A learned judge has said – no less than four times in his judgment – that people will sign any document to keep a roof over their head. If it’s a case of an almshouse or Cardboard City for you, then so be it. If there’s a feasible alternative – TAKE IT.
If you don’t, you’ll be putting yourself into the clutches of a system that is clinging on to a malevolence unparalleled in social housing; namely, an unfettered power to dump pensioners out onto the street. Unique amongst Her Majesty’s subjects you’ll find yourself shut out from the protection of the law. You’ll have become a second class citizen – a housing outlaw. And you’ll have signed away your Human Rights.
Don’t misunderstand us. We’ll say this only once. We readily recognise that almshouses have provided refuge since medieval times and continue to provide a safety net for people in need. Many almshouse residents pass their retirement years in blissful ignorance of their legal predicament; because most almshouse trustee bodies exercise their rights and obligations with due diligence and commendable empathy. And every landlord has a right to retrieve dwellings from delinquent occupants and occupants who have become incapable of looking after themselves, and we do not seek to interfere with that right.
Almshouses, etymological derivation notwithstanding, are not grace-and-favour apartments to be gifted by a living hand; almshouse trustees are appointees constrained by an historical trust deed to deliver specified services. Untrammelled autonomy was never part of the concept.
It is the duty of almshouse trustees to search out, install and sustain eligible beneficiaries in accordance with the wishes of the historical benefactors. Many beneficiaries qualify for help by reason of commendable service in some field or other. They are not necessarily destitute. They are people who cannot reasonably afford to meet a particular need by purchasing at the full cost price the service which it is the charity’s duty to provide. They are not second class citizens. Citizenship is not a negotiable token to be traded in under duress.
So far, so good.
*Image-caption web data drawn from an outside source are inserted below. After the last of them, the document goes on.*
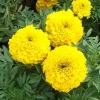 Yellow Marigold Live Plant 4 inch Pot - Vibrant Outdoor Flower - Image 1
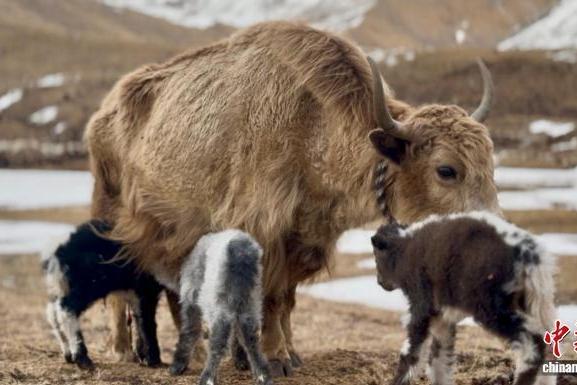 Xizang yak delivers region's first recorded natural triplets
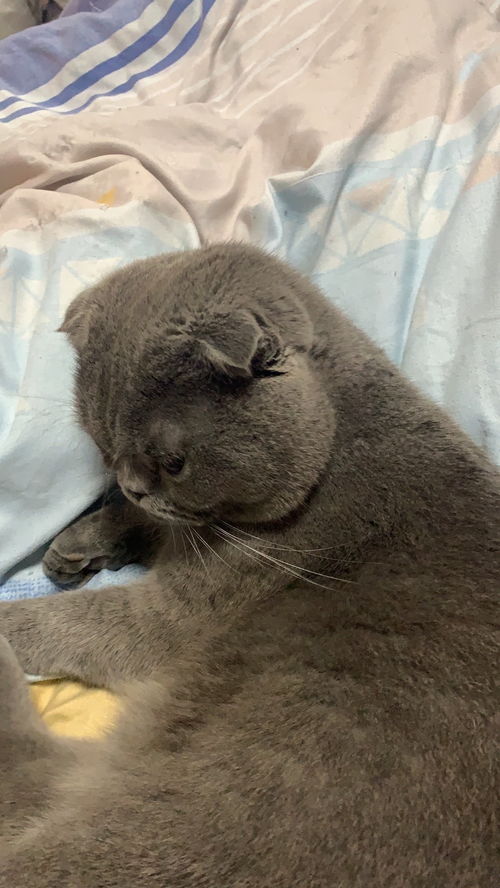 折耳猫发病之后怎么治疗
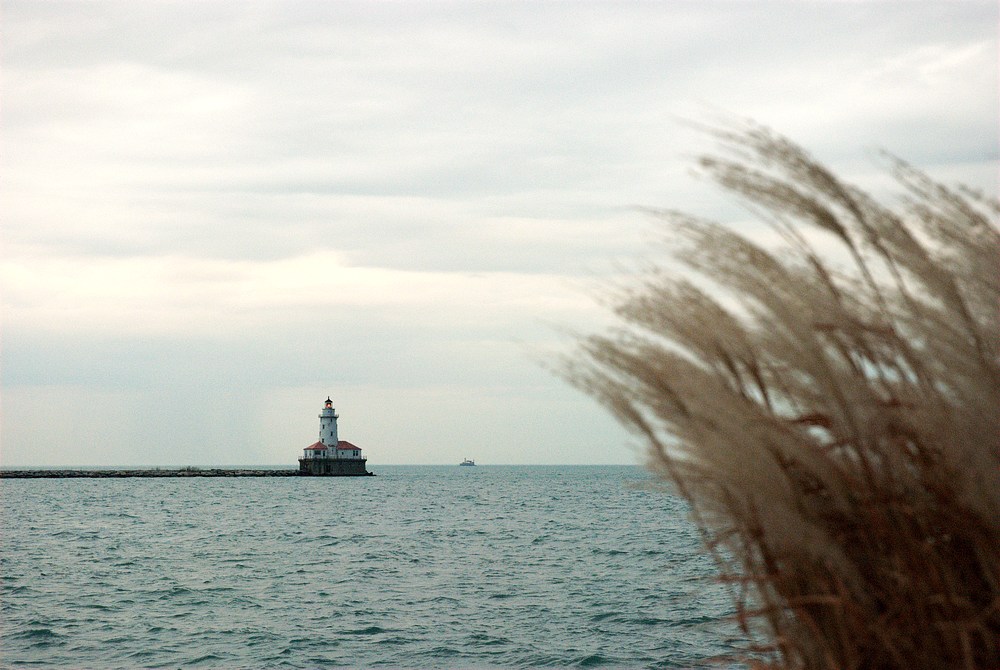 DSC_4885.jpg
However, an appeal court decision in 1998 gifted almshouse trustees a right to render their vulnerable charges homeless without ever being called to account. In truth, it is a right for which no trustee of integrity would ever feel the need. However, we have evidence that some trustee bodies have exercised that right or the malevolence that inheres in it – and it is in the nature of the secretive almshouse terms of occupancy that these instances are only the tip of an iceberg. It is no part of a trustee’s duty to subject beneficiaries to autocratic hubris. To paraphrase Lord Acton’s 1887 truism“…absolute power corrupts absolutely”— and there is evidence that the absolute power of almshouse trustees has induced some of them to lapse into unacceptable behaviour. Our aims here are firstly to save potential almshouse residents from the perils inherent in the iniquitous status quo and secondly to deliver sitting almshouse residents from those perils by ousting that status quo.
As any housing lawyer will tell you, it is naïve in the extreme to assume that no dispute will arise during an occupancy that can last for thirty years or more. For a start, the trustees who install you probably won’t be in post in ten year’s time. Times – and attitudes – change; and not necessarily for the better. We know of disputes arising from such trivial matters as parking; or feeding the birds. Trustees by definition are not the historical benefactors; but some trustees lose the plot and act as though they are. They mount their high horses, ride roughshod over the residents and intimidate genuine complainants into silence. And they can do it with impunity.
‘But I don’t see any record of disputes’, we hear you say. No wonder, say we; that’s because no resident in dispute can ever get a case into court. Neither do they have a platform from which to air their grievances. And aberrant trustees are hardly likely to publicise their autocratic excesses. Unless a dispute gets press publicity no-one will hear of it. It’s all done behind closed doors. Therefore the incidence of disputes is unknowable. Those disputes that came to our notice before we opened the website did so entirely due to press publicity. We have listed them at Known Disputes. They were only the tip of the iceberg. Go to the News Page for disputes and other developments since notified to us via the website.
‘But isn’t there a Protection from Eviction Act?’, we hear you say. Forget it, say we. Not only does this ingloriously misnamed Act offer the almshouse resident no protection at all, it can actually burden the evicted resident with the landlord’s costs! The predicament is much the same as that of a demoted tenant(look it up). Trustees’ applications for Possession Orders go before a county court judge-in-chambers who has no discretion in the matter; it’s a rubber stamp process. Don’t take out word for it, here’s a professional opinion:
(We had a hyperlink to a document here but the authors took it off their website and broke the link. Not that we’re overly bothered; the target document was merely confirmatory of our position – and we have a copy in our archive anyway. We doubt this will be the last link to go down when some used to hunting with the hounds find themselves to be running with the hare!)
Still going to sign that Letter of Appointment? Before you do – SEE A LAWYER!